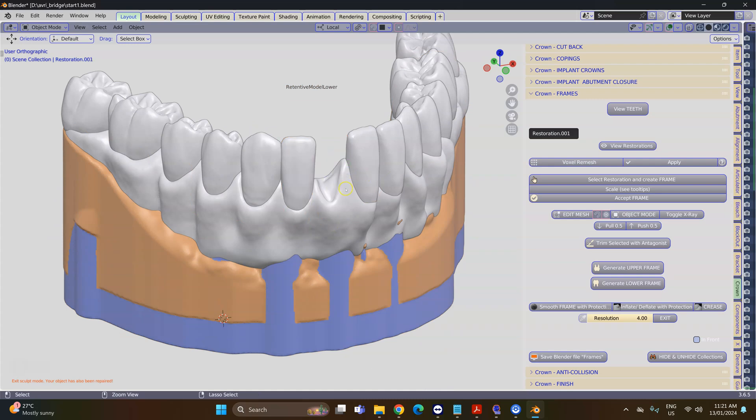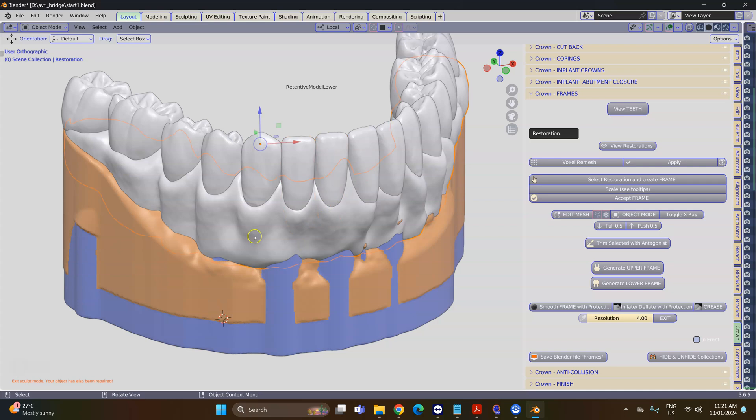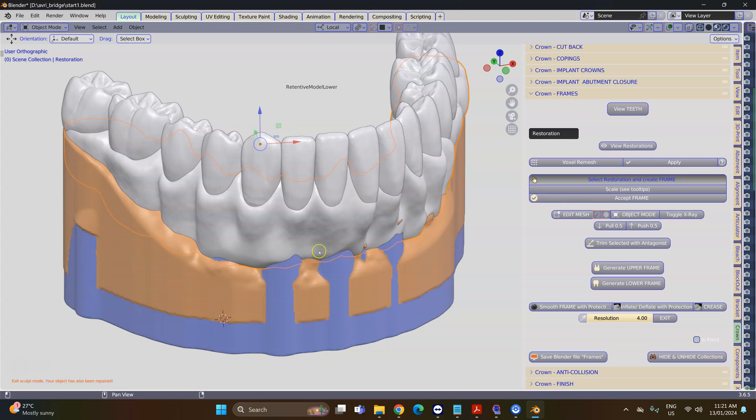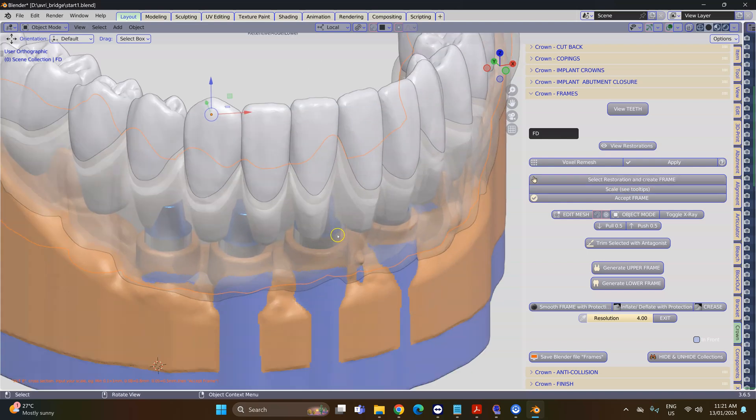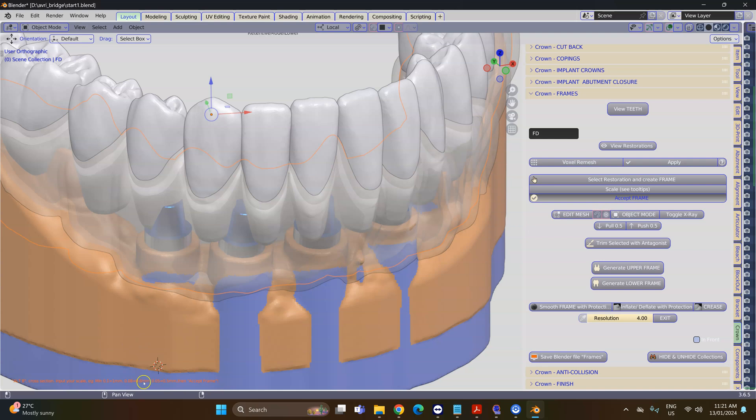Select the tissue object and then select the restoration and create a frame. This will reduce this frame and make it smaller. If you need information on the lower tooltip, it'll tell you by how much. Then we're going to accept this.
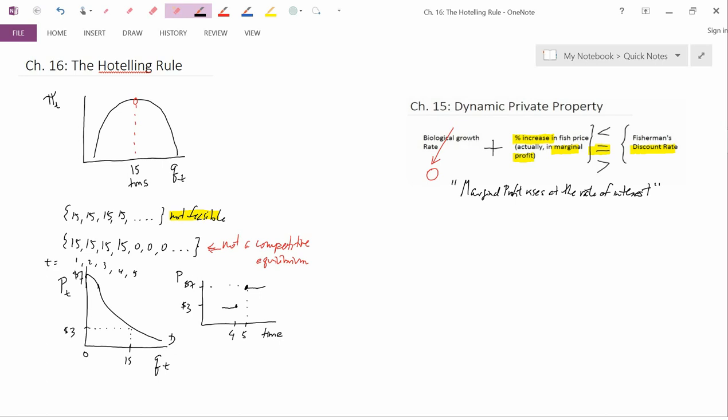Now, I was going to discuss the Hotelling Rule and illustrate the idea that marginal profit rises at the rate of interest. One way to illustrate it is to go back to our graph in the upper left. Marginal profit is the slope of total profit. So to say that marginal profit rises at the rate of interest is to say that...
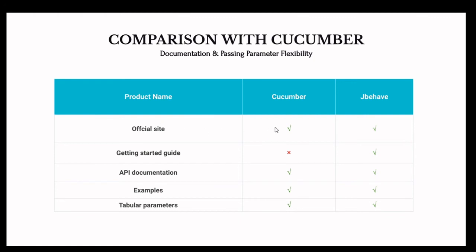Regarding documentation: an official site is available for both Cucumber and JBehave. For a getting started guide, Cucumber doesn't have an official one — there are many blogs and different sites available, but no official starting guide. JBehave has a proper getting started guide on its official website. API documentation is available for both. For passing parameter flexibility, both JBehave and Cucumber support tabular parameters like data tables and example tables, which is very helpful when using multiple input data for a particular scenario or step.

■ ■ ■ ■ ■ ■ ■

== WHAT IS EXPECTED ==
Once the pictures are set aside, output all of the data above verbatim.

== ANSWER TO THE PROBLEM ==
Select the tissue object and then select the restoration and create a frame. This will reduce this frame and make it smaller. If you need information on the lower tooltip, it'll tell you by how much. Then we're going to accept this.
Now, I was going to discuss the Hotelling Rule and illustrate the idea that marginal profit rises at the rate of interest. One way to illustrate it is to go back to our graph in the upper left. Marginal profit is the slope of total profit. So to say that marginal profit rises at the rate of interest is to say that...
Regarding documentation: an official site is available for both Cucumber and JBehave. For a getting started guide, Cucumber doesn't have an official one — there are many blogs and different sites available, but no official starting guide. JBehave has a proper getting started guide on its official website. API documentation is available for both. For passing parameter flexibility, both JBehave and Cucumber support tabular parameters like data tables and example tables, which is very helpful when using multiple input data for a particular scenario or step.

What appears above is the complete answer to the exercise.